_Your objective_
Of all the lines below, output only those starting at the one with "Rose Print Straight" and ending at the one with "Aerial of complex", both ends included, exactly as written.

_Caption-style text data_
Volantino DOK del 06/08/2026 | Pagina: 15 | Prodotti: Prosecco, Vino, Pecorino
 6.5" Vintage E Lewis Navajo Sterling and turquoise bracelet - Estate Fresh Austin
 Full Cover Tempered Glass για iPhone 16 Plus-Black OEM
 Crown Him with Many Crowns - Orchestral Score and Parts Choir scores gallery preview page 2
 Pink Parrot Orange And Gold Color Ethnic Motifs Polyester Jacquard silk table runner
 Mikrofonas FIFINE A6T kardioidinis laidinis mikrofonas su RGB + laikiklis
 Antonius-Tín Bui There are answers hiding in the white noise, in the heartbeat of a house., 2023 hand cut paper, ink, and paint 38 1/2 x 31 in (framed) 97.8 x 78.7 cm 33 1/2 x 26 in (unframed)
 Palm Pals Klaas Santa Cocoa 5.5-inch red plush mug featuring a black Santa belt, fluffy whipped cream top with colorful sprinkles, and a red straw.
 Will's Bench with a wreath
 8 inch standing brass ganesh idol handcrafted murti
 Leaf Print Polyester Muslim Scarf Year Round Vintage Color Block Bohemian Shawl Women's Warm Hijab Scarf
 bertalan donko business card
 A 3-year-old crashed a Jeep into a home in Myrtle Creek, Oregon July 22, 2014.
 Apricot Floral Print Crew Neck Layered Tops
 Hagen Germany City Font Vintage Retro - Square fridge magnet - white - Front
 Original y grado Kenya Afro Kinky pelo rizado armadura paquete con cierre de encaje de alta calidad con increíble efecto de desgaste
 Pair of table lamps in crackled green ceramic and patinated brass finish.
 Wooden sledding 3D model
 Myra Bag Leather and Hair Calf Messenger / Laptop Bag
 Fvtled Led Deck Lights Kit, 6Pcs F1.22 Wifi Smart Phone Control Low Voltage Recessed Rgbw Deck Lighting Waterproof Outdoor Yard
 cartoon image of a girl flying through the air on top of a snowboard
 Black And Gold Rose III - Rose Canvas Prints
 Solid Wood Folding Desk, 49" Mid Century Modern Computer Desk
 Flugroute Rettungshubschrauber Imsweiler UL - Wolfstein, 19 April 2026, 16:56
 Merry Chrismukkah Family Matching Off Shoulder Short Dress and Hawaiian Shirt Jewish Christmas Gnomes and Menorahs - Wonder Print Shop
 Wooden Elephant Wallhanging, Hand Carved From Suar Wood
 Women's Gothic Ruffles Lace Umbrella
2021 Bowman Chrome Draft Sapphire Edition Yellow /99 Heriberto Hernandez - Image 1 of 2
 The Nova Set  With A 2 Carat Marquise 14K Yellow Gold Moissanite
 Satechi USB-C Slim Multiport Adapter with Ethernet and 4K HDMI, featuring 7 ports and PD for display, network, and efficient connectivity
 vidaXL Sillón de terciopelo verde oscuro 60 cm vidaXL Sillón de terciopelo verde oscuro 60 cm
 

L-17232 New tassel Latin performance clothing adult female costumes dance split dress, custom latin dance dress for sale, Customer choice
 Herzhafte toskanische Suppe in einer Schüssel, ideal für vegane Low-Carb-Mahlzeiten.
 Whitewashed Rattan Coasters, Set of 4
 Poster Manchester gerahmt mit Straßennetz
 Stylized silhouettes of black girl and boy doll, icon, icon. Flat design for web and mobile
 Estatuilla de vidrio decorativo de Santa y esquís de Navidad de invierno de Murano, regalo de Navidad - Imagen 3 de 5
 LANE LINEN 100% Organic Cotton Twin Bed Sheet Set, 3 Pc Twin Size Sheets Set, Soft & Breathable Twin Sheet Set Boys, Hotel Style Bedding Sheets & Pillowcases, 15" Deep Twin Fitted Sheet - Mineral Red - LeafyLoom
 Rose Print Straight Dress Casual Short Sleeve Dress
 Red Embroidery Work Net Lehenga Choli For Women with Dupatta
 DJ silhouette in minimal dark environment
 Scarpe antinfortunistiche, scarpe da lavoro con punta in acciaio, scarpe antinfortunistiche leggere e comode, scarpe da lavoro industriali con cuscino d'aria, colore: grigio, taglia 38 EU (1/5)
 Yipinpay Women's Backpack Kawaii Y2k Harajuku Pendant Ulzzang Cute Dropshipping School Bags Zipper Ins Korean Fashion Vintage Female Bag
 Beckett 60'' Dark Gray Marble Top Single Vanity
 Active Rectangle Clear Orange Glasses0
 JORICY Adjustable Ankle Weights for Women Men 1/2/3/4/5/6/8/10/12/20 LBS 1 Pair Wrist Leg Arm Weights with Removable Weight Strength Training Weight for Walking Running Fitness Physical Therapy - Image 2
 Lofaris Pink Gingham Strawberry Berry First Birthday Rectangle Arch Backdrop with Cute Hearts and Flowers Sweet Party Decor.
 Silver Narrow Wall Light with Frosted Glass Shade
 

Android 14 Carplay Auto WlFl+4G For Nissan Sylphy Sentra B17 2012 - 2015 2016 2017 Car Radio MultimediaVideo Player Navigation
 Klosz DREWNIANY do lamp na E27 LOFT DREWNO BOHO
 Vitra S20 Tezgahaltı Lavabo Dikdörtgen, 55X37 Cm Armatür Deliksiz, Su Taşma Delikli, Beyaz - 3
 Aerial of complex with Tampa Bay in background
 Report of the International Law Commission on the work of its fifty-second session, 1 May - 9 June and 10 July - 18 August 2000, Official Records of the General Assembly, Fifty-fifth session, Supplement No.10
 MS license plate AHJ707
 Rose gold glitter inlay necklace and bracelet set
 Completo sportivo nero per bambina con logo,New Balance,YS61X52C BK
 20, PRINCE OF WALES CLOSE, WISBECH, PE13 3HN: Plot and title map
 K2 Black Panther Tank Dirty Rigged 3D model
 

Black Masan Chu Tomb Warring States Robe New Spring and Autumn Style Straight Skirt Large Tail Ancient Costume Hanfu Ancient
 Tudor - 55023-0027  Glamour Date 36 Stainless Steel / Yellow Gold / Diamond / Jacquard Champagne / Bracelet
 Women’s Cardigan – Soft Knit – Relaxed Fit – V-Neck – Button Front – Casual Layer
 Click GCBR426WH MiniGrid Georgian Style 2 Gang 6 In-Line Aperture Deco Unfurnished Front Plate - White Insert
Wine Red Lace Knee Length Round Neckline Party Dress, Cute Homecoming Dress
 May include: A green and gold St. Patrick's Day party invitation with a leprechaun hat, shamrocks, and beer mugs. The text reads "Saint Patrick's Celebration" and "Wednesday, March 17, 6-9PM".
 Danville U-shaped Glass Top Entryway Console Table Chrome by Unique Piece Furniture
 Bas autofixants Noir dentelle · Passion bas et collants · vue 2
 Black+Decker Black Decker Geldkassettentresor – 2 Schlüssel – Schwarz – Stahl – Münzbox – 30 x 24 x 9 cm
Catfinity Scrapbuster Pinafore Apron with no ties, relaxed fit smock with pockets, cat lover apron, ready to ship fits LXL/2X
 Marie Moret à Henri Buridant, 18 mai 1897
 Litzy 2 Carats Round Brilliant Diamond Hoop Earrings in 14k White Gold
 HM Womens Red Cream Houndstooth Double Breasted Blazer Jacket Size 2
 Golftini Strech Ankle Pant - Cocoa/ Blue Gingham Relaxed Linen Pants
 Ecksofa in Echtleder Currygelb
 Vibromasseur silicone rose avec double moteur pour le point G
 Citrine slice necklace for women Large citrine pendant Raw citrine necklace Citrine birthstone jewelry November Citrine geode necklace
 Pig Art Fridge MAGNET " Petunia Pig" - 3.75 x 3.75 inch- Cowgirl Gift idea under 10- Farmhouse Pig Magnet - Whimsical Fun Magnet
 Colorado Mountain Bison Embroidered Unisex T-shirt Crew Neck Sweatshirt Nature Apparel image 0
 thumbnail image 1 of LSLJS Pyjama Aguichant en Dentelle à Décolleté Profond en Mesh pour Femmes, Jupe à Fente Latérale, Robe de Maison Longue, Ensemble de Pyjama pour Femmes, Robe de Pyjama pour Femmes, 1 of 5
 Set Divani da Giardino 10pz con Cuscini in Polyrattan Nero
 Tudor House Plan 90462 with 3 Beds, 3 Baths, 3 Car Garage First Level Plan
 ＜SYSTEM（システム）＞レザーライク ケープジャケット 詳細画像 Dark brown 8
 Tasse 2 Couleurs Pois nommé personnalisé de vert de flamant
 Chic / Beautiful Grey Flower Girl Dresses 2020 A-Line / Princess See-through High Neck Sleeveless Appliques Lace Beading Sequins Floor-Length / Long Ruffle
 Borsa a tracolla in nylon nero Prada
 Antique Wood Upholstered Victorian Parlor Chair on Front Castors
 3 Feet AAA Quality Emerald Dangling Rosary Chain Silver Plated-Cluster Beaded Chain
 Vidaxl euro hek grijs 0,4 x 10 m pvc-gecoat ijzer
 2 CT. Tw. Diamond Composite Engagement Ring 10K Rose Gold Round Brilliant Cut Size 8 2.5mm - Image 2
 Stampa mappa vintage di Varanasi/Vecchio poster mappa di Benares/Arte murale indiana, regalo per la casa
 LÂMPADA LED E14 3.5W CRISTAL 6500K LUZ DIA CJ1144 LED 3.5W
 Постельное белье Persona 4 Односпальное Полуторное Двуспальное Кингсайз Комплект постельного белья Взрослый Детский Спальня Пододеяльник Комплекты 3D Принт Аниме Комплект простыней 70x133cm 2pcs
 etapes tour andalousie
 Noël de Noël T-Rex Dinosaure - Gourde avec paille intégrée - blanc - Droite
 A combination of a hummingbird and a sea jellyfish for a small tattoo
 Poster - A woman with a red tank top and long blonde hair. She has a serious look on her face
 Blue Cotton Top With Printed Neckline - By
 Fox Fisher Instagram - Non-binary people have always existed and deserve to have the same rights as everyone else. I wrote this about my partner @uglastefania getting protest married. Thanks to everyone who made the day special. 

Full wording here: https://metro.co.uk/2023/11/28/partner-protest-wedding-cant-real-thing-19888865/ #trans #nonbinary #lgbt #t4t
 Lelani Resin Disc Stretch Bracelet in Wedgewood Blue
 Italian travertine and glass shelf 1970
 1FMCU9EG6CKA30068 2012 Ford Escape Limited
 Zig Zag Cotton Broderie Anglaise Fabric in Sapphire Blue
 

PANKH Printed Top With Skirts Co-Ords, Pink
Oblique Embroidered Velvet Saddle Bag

_Written response_
 Rose Print Straight Dress Casual Short Sleeve Dress
 Red Embroidery Work Net Lehenga Choli For Women with Dupatta
 DJ silhouette in minimal dark environment
 Scarpe antinfortunistiche, scarpe da lavoro con punta in acciaio, scarpe antinfortunistiche leggere e comode, scarpe da lavoro industriali con cuscino d'aria, colore: grigio, taglia 38 EU (1/5)
 Yipinpay Women's Backpack Kawaii Y2k Harajuku Pendant Ulzzang Cute Dropshipping School Bags Zipper Ins Korean Fashion Vintage Female Bag
 Beckett 60'' Dark Gray Marble Top Single Vanity
 Active Rectangle Clear Orange Glasses0
 JORICY Adjustable Ankle Weights for Women Men 1/2/3/4/5/6/8/10/12/20 LBS 1 Pair Wrist Leg Arm Weights with Removable Weight Strength Training Weight for Walking Running Fitness Physical Therapy - Image 2
 Lofaris Pink Gingham Strawberry Berry First Birthday Rectangle Arch Backdrop with Cute Hearts and Flowers Sweet Party Decor.
 Silver Narrow Wall Light with Frosted Glass Shade
 

Android 14 Carplay Auto WlFl+4G For Nissan Sylphy Sentra B17 2012 - 2015 2016 2017 Car Radio MultimediaVideo Player Navigation
 Klosz DREWNIANY do lamp na E27 LOFT DREWNO BOHO
 Vitra S20 Tezgahaltı Lavabo Dikdörtgen, 55X37 Cm Armatür Deliksiz, Su Taşma Delikli, Beyaz - 3
 Aerial of complex with Tampa Bay in background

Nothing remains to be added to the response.